The historical marker is a coveted designation granted only to the most deserving subjects as evaluated by an independent panel of professional historians, educators, and museum and historical society directors.

Councilwoman Parker presented a resolution, which “honors and recognizes Einstein Medical Center Philadelphia, formerly the Jewish Hospital, on receiving a historical marker to commemorate its illustrious history.”

In addition, Mayor Kenney offered a tribute, commending “the many people involved in the past, current, and future success of this facility that is such an invaluable resource to the Jewish community and others throughout its history.”

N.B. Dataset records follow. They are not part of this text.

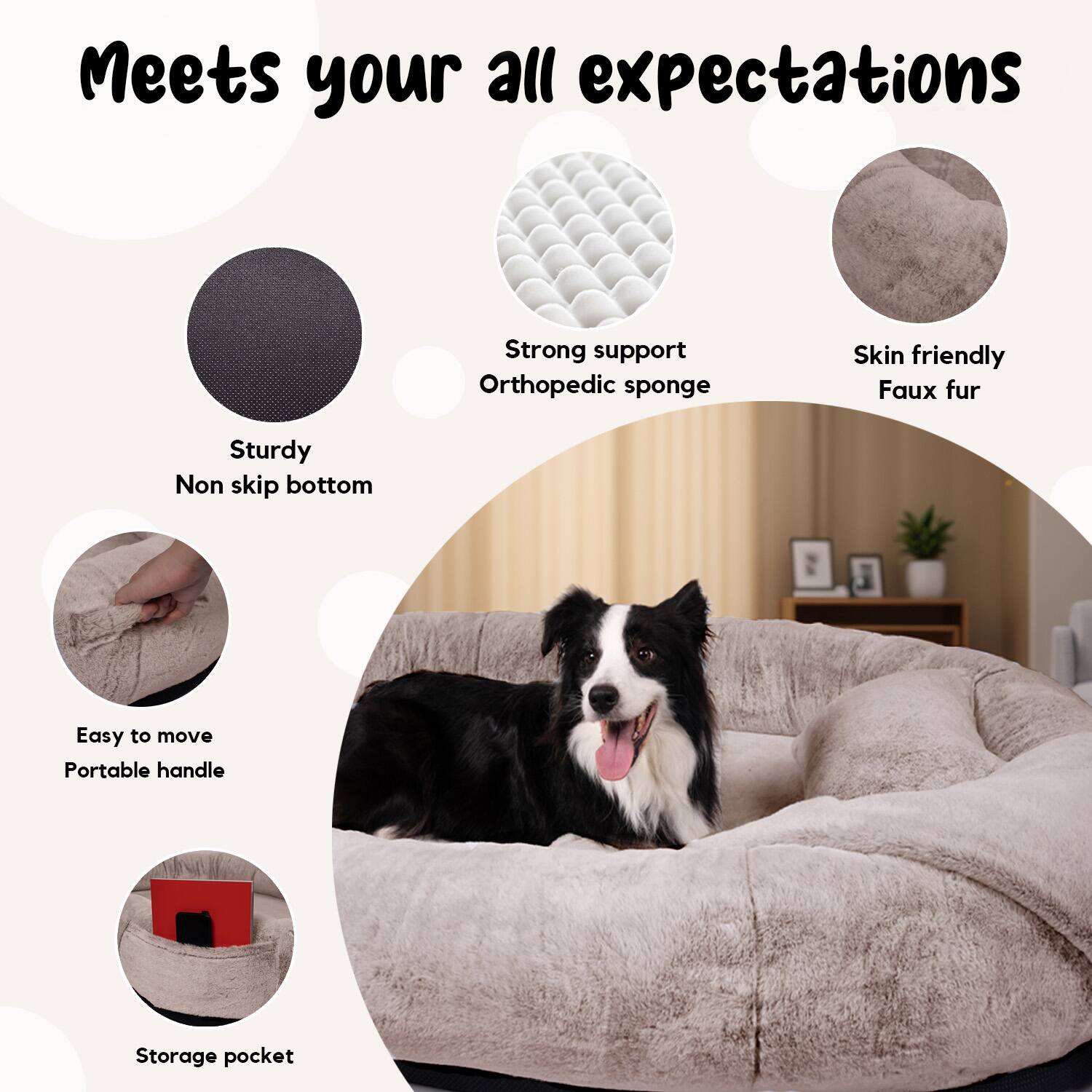 Meets your all expectations

- Sturdy Non slip bottom
- Strong support Orthopedic sponge
- Skin friendly Faux fur
- Easy to move Portable handle
- Storage pocket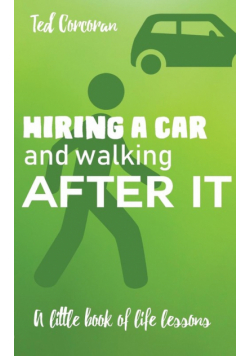 Hiring a car and walking after it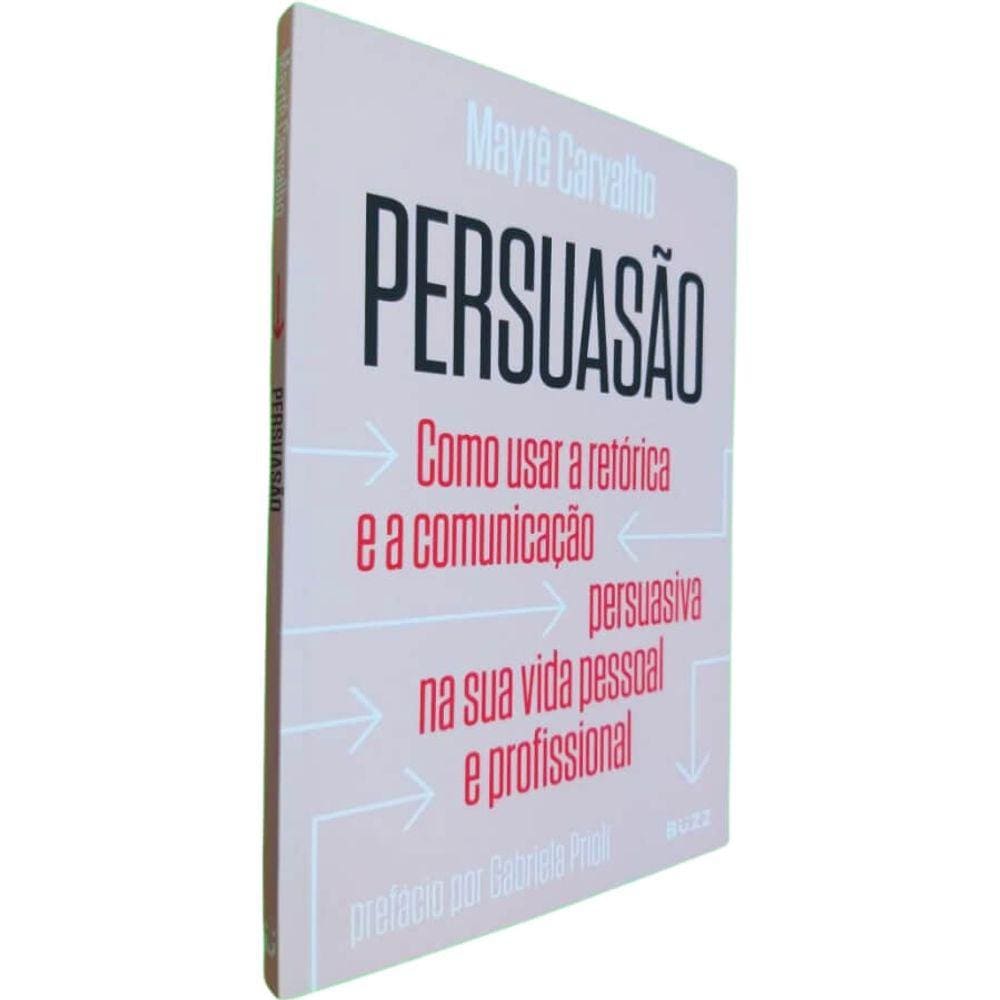Livro Físico Persuasão Maytê Carvalho Como Usar a Retórica e a Comunicação Persuasiva na Sua Vida Pessoal e Profissional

The inscription on the marker stands out as a point of pride for the entire Einstein community:

The Jewish Hospital

Organized in 1865, it was the first hospital in Pa. funded and established by Jewish people to treat members of their religion, although it was open to all. By the mid-1800s, Philadelphia’s Jewish population rose sharply, primarily because of Jews fleeing Germany. The Jewish Hospital provided kosher food and observed Jewish religious practices unavailable at other hospitals. It was renamed Albert Einstein Medical Center in 1952.